I felt it first in my hands. They felt lighter, somehow, proud that they had done something right. And while they paused, the lightness escaped and spread to my chest, breaking it open, making me feel as if the world had turned upside down. It had, you know.

I never imagined my life without Another World, because it was, in most respects, the only yardstick by which I could measure my life, the thread that tied all my 'mes' together. Yet here I was, without my yardstick, taking the Manhattan-bound D train on June 26, 1999 so I could check my email at work. My first message was from my boss telling me of a customer complaint. The second was from Soap Opera Digest online. I read that one first.

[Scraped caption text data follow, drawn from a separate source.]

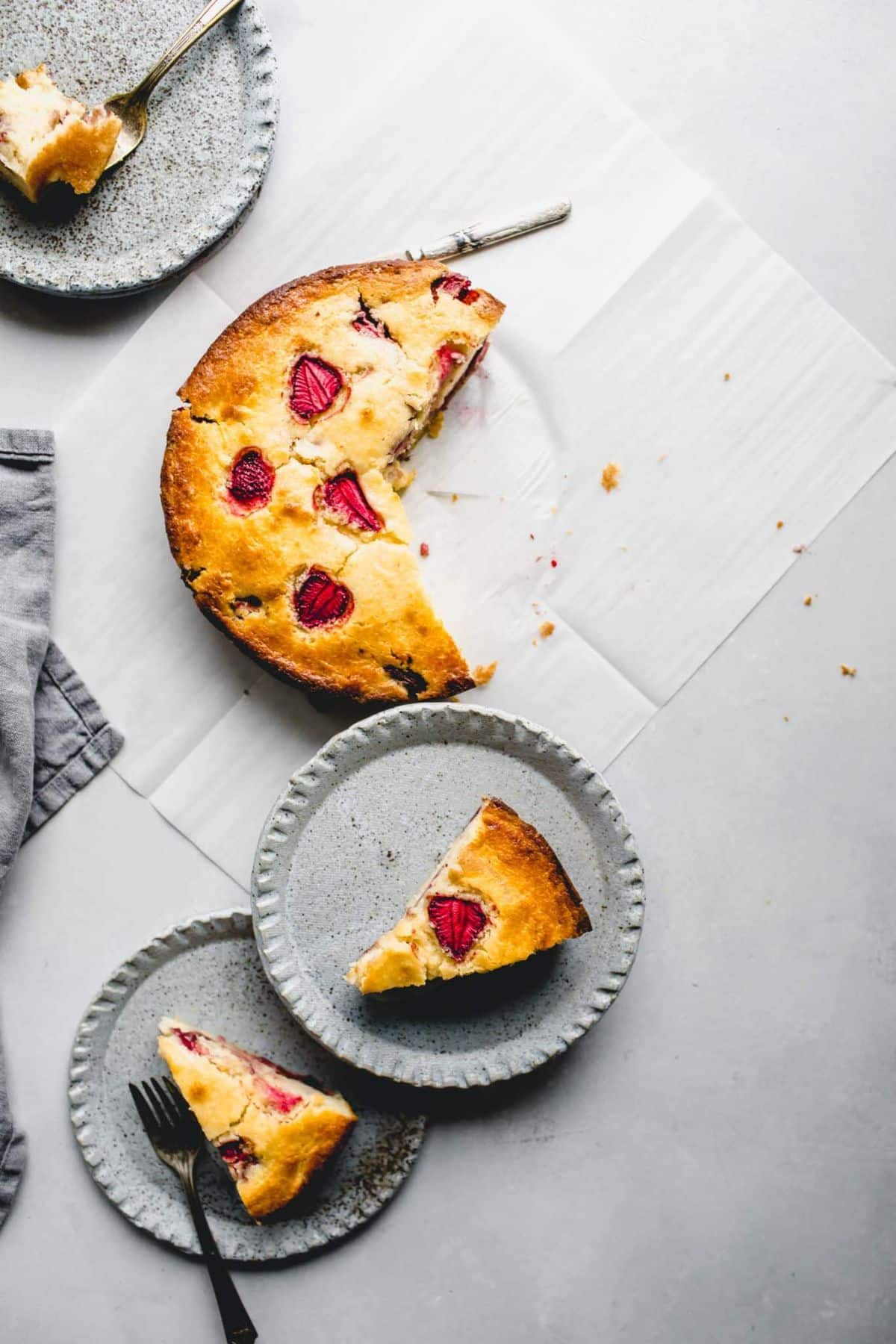 Delicious strawberry ricotta cake on a table and slices on gray plates.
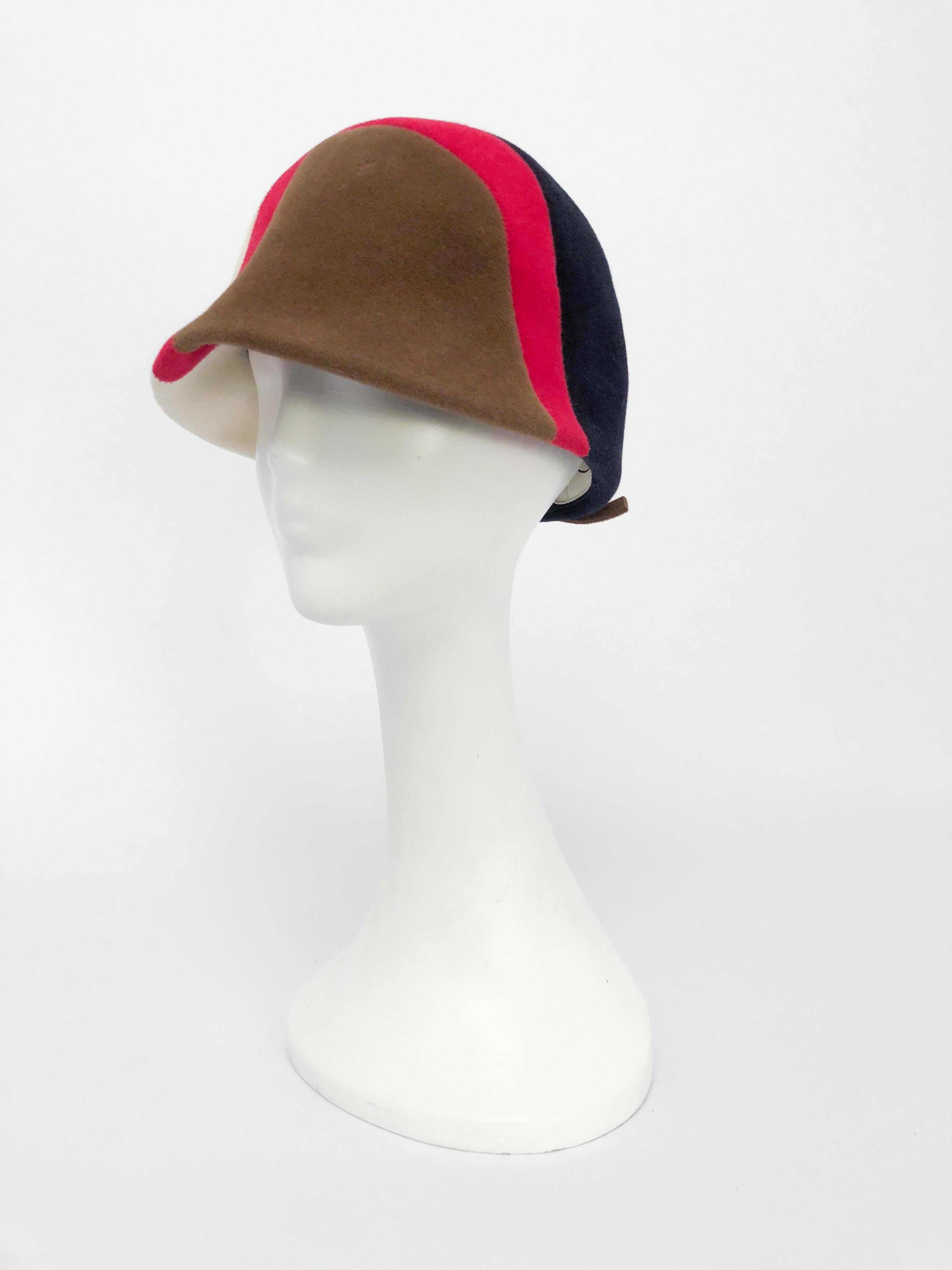 1960s Caroline Mod Hat With Geometric Pattern. Mod hat with Navy, raspberry, cream, and taupe color wave.  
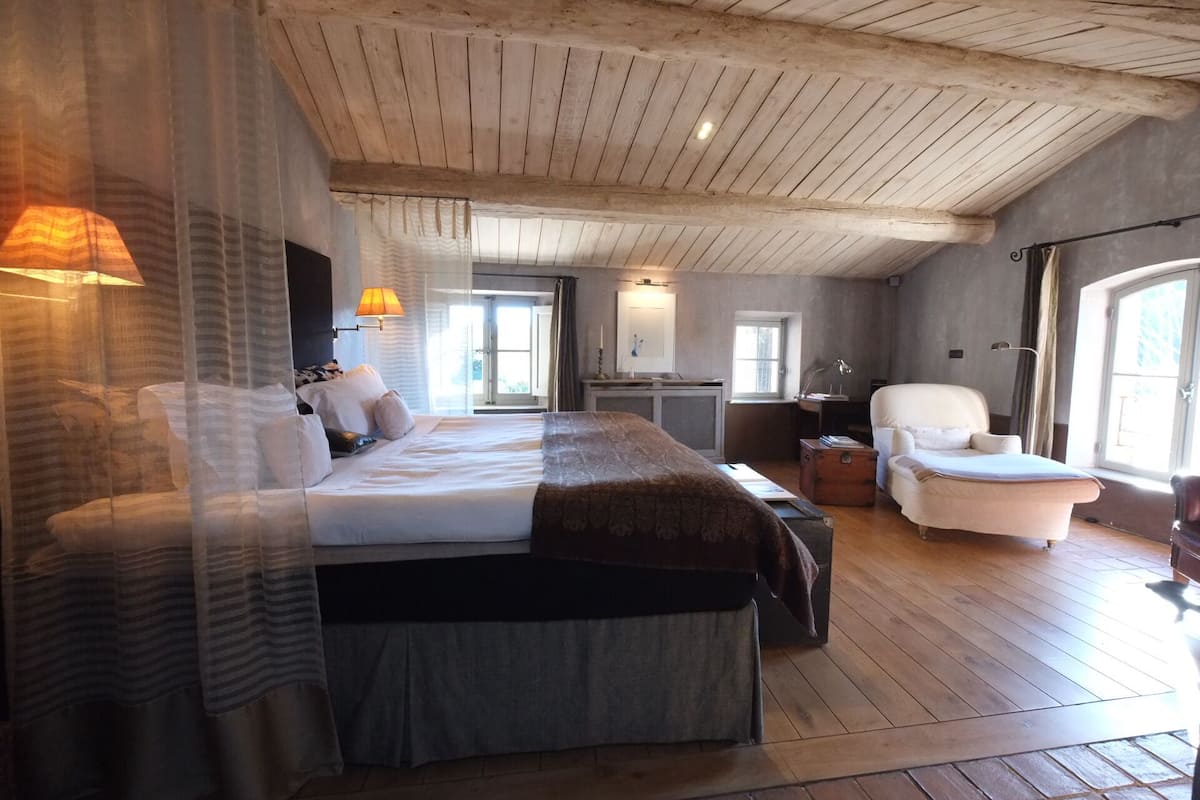 A spacious bedroom with a large bed, a chair, and a desk.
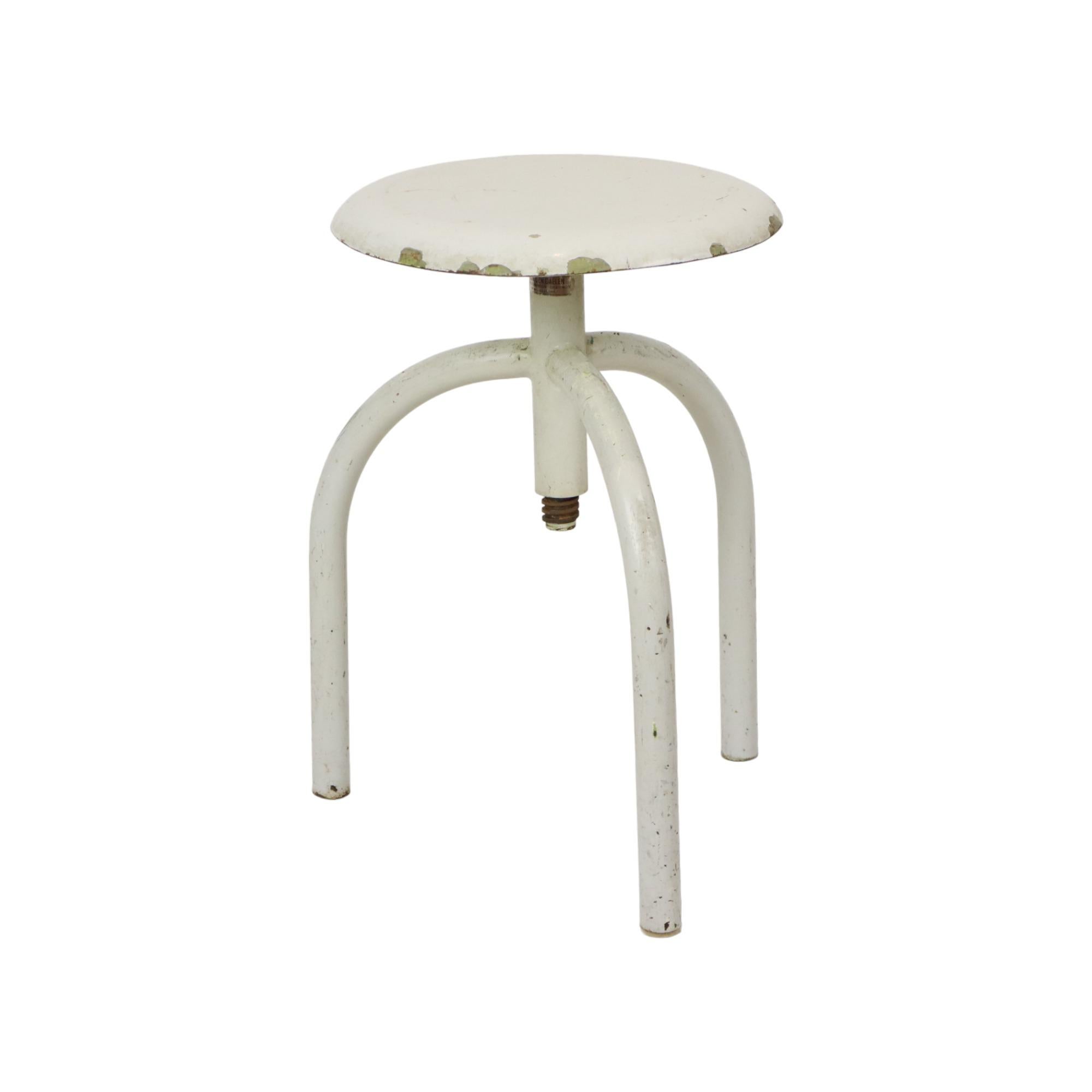 Cool industrial antique doctor's stool, lab stool, made of white painted metal, authentic medical object from mid 20th century.

The stool is adjustable in height and is marked by the distributor, J. Van Den Daelen, Geraardsbergen, Belgium.

In very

It told me I had won first prize in their essay contest entitled, "Why Another World is a one-of-a-kind show." My prize-for myself and a guest-was a tour of the Soap Opera Digest offices and the chance to observe an online chat with two AW actors.

That's the point where my hands became light. I re-read it a few times, checked to make sure it was addressed to me, and scanned my mind for people to call. Then I thought,

What if it's Cameron?

*

It wasn't Cameron, and the day is now sometime in July, a day I spent freezing my sheets, eating only cool foods in liquid form, and deciding that my next crusade would be for the environment. This heat is not normal.

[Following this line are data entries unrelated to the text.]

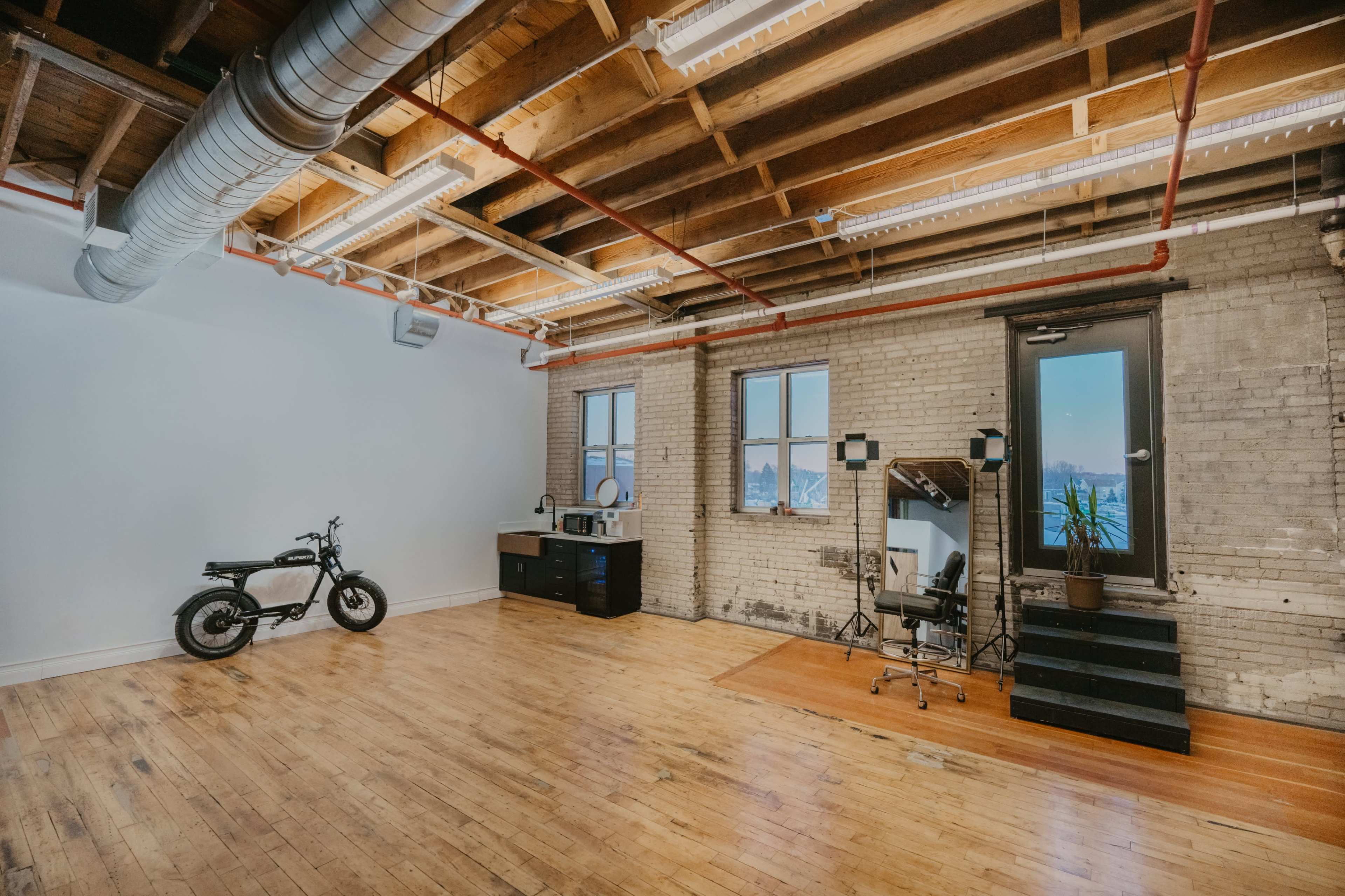 A spacious, industrial-style room features wooden flooring, exposed beams, and a brick wall, with a bicycle, a kitchenette, two chairs, and a staircase leading to a window.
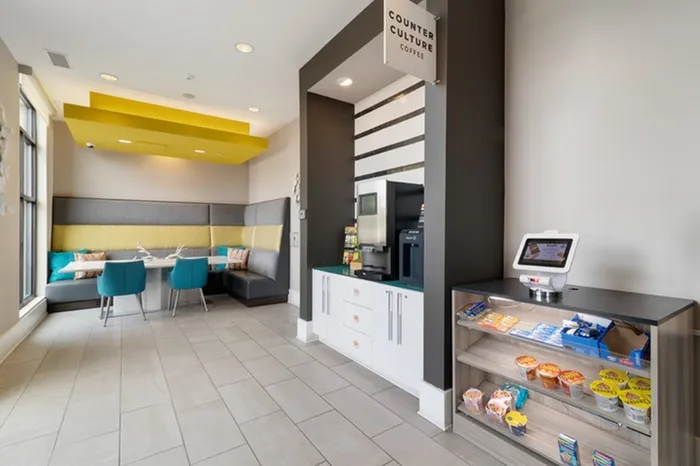 Self-serve coffee bar and seating area at Lantower Bullhouse.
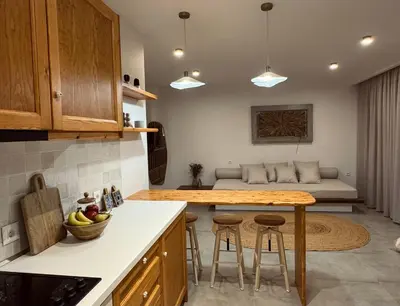 a kitchen with a table and a couch in the background at Aurora Seaside Luxury Suite in Vrachonisída touArchangélou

"Guess who they are, Mama?"

I hardly ever call her Mama. Only my body does when it is too sick to move or too elated to think. Mamas are these larger-than-life beings from whom one word of praise means everything. Moms send care packages, and Mothers make curfews and do things that embarrass you. Today, she is Mama.

"It's a woman and a man," I say, balancing the phone between my jawbone and shoulder while trying to adjust the bag of frozen spinach on my forehead.

"Cass and Felicia?"

"Nope."

"Carl and Rachel?" Her voice rises an octave and displays a bit of anticipation. I cut her off.

"Yes! Oh, Mama, can you believe it?" The bag of spinach slides off of me. "It's like meeting people you only dream about. I can't believe it's real."

I ask her to come. I ask her to be my guest.

"Oh, Melissa." She sounds as if I had asked her to hike the Himalayans. "I can't fly up from South Carolina. It's too expensive."

She changes the topic, and I throw away the bag of spinach. It was melted anyway.

 

*

I was eating fresh spinach with black-eyed peas and lots of pepper the day she called to tell me she had changed her mind. She wants to see Rachel and Carl. And me. And to honor the circle that began the day she found out Pat Randolph was pregnant with twins and ended with me calling her from work, April 12, 1999, crying, telling her of my boycott of NBC. I called her Mama that day too.

*

I call out to her in Penn Station because she is, of course, lost. It is now the day before our date. She has come to New York-my home of the moment-armed with a new outfit, a black-and-white sundress, sandals that aren't good for walking, and a beautiful pair of earrings. We go back to my small Brooklyn apartment-turned-sauna and look at old pictures. Alice with Steve. Mac with Rachel. Ada with Jamie. Janice with Mitch. I show her the first thing I ever sent to AW-a script I had written when I was twelve detailing what I thought should have happen with the Vicky/Jamie/Lisa triangle. We iron our clothes. We laugh a lot. I give her the floor fan and the bed, and fall asleep on the futon, dreaming that I had misplaced my tickets to the AW Fan Club Luncheon and when I arrived, the building was locked.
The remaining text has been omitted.